Clergy should be considered first responders.
Via The Blaze:
The chaos that unfolded in the minutes and hours following two deadly explosions at the Boston Marathon earlier this month was widely reported. But one of the finer details that has been given little attention until now is the role — or lack thereof — that clergy played directly following the carnage.
A new report in the Wall Street Journal claims that faith leaders were very literally banned from the trauma scene. As individuals lay on the ground maimed and suffering from unimaginably-dire wounds, nearby clergy were not allowed to enter to give last rights or even to comfort the victims.
Considering the importance of faith leaders in the lives of millions of Americans, this might come as a bit of a surprise, especially when recalling the much-coveted societal positions that priests, pastors and other religious visionaries held in the past.
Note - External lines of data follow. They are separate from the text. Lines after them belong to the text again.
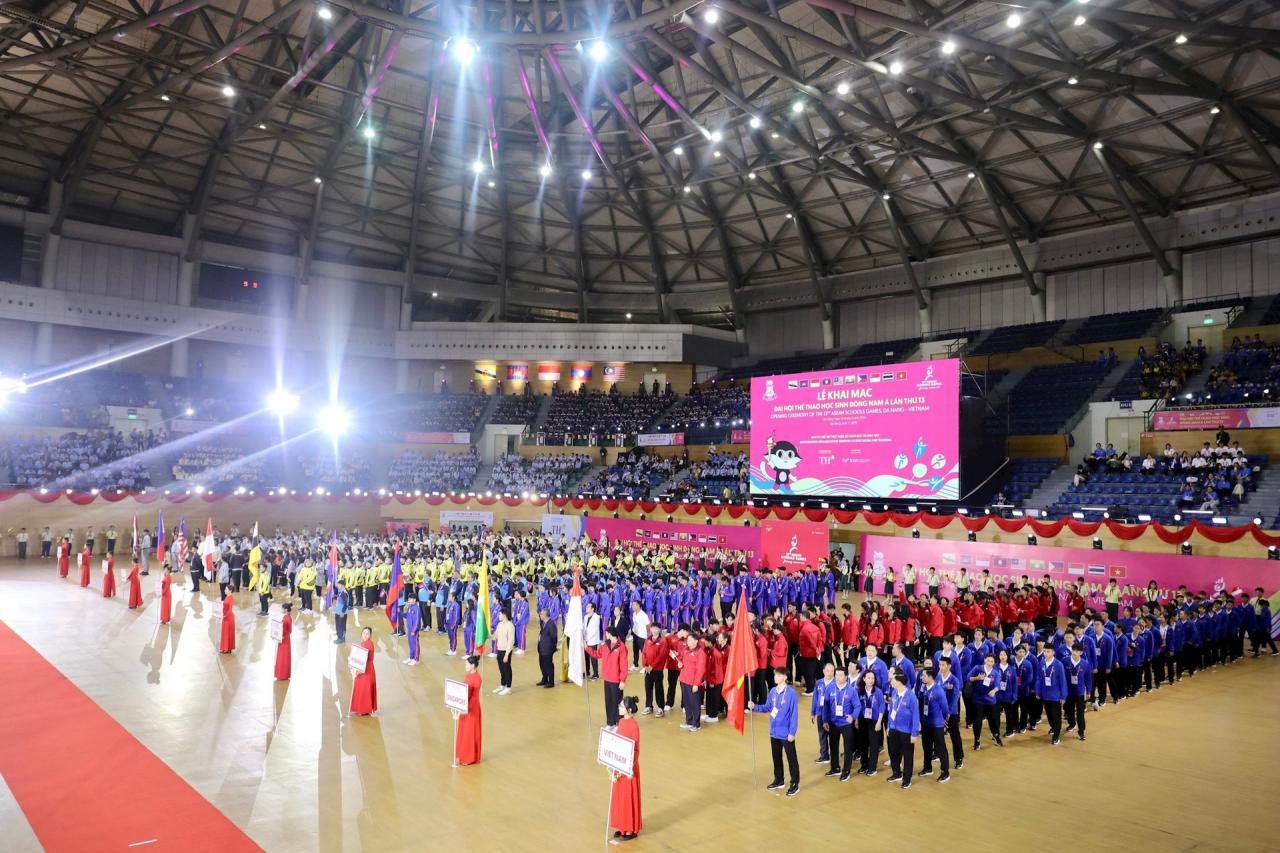 Đại hội Thể thao học sinh Đông Nam Á lần thứ 13 - “Kết nối cùng tỏa sáng” Đại hội Thể thao học sinh Đông Nam Á lần thứ 13 - “Kết nối cùng tỏa sáng”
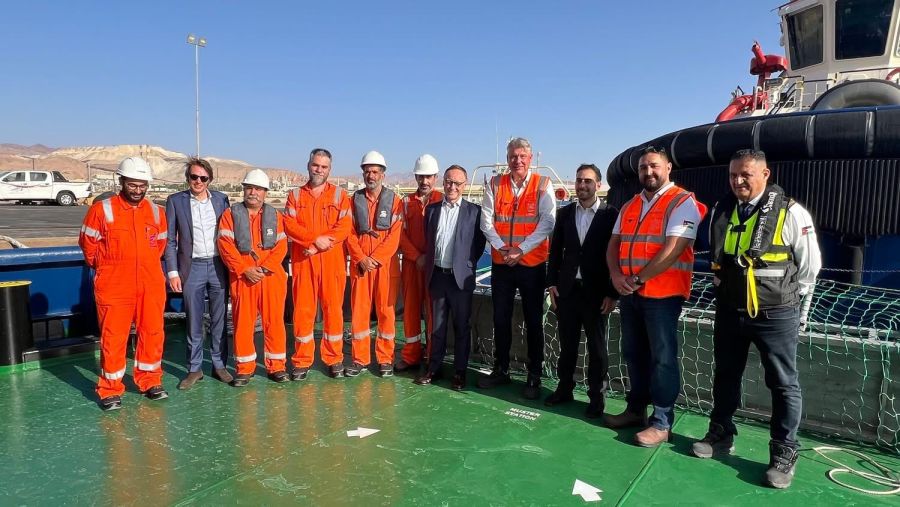 السفير الهولندي يشيد بدور الخدمات البحرية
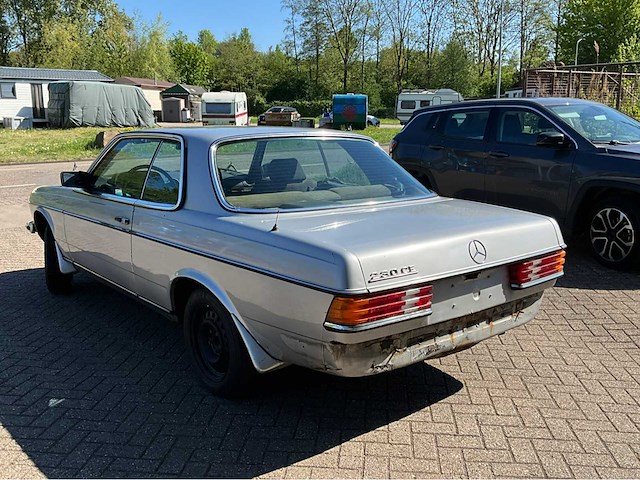 Mercedes-benz 230ce personenauto - afbeelding 21 van  24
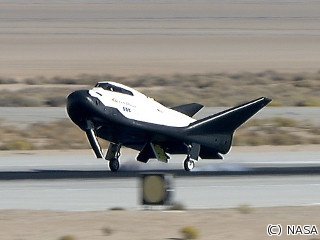 民間スペースシャトル、滑空飛行試験に成功-目標は2年後のISSへの物資補給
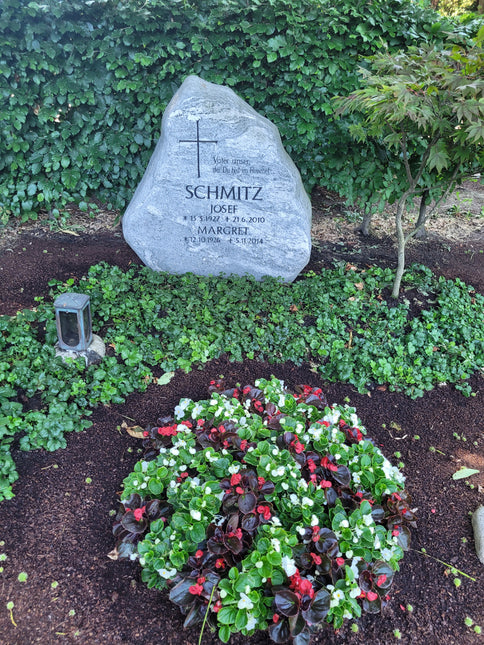 Projekte 3 - Felsen with a cross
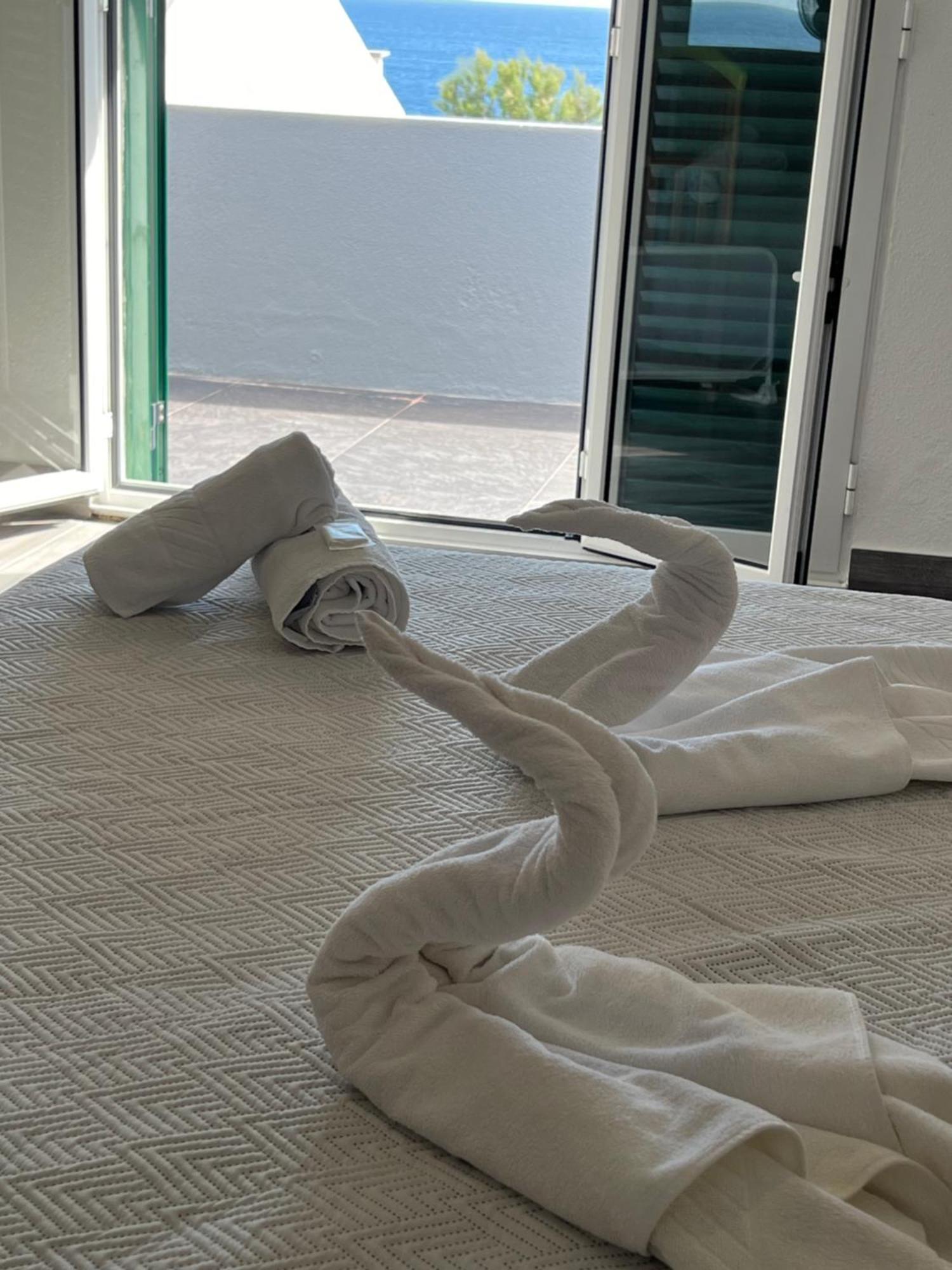 Casa A 2 Minutos A Pe De Piscina Natural Ponta Delgada  Luaran gambar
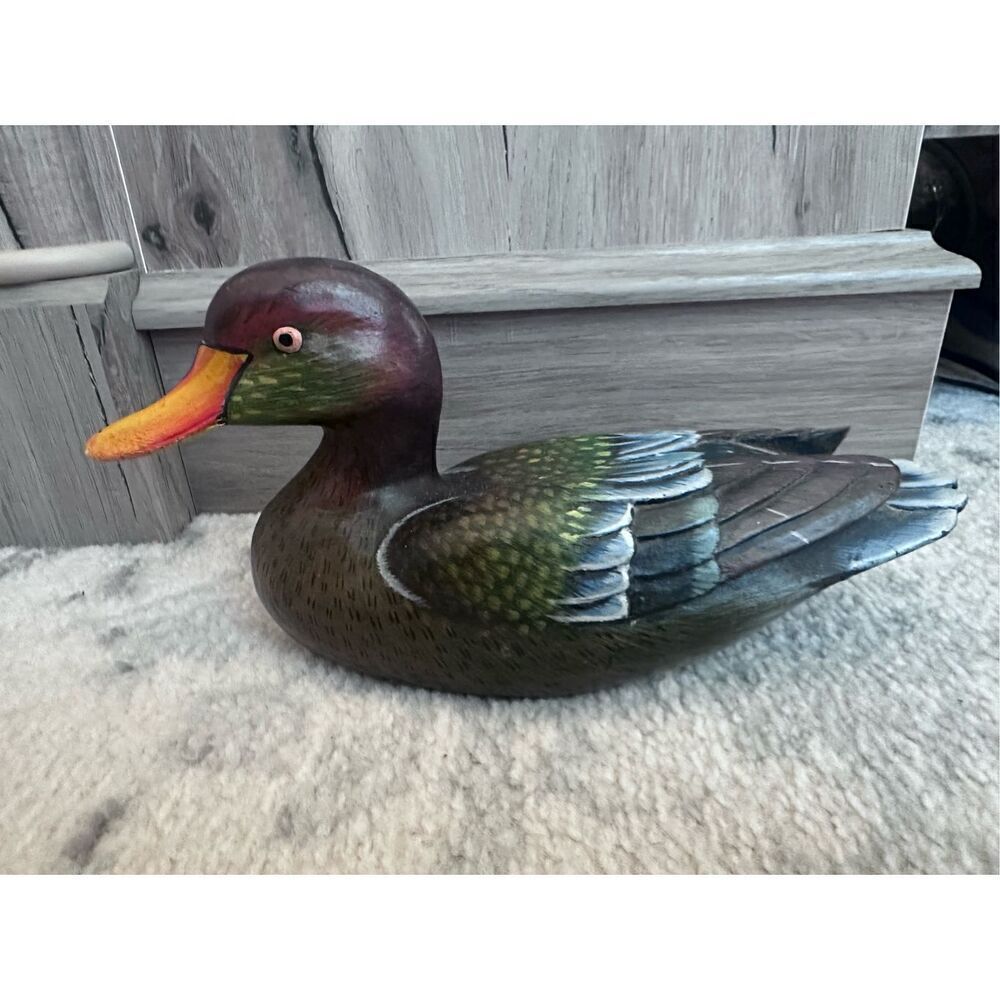 Vintage Handpainted Wooden Carbed Decoy Decor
Was keeping them out an issue of religious leaders not being available, was it rooted in a purposeful regulation against their presence or was it simply an error made amid pure chaos? As the WSJ notes, the dearth of religious leaders on-site had nothing to do with proximity:
Close to the bombing site are Trinity Episcopal Church, Old South Church and St. Clement Eucharistic Shrine, all on Boylston Street. When the priests at St. Clement’s, three blocks away, heard the explosions, they gathered sacramental oils and hurried to the scene in hopes of anointing the injured and, if necessary, administering last rites, the final of seven Catholic sacraments. But the priests, who belong to the order Oblates of the Virgin Mary, weren’t allowed at the scene.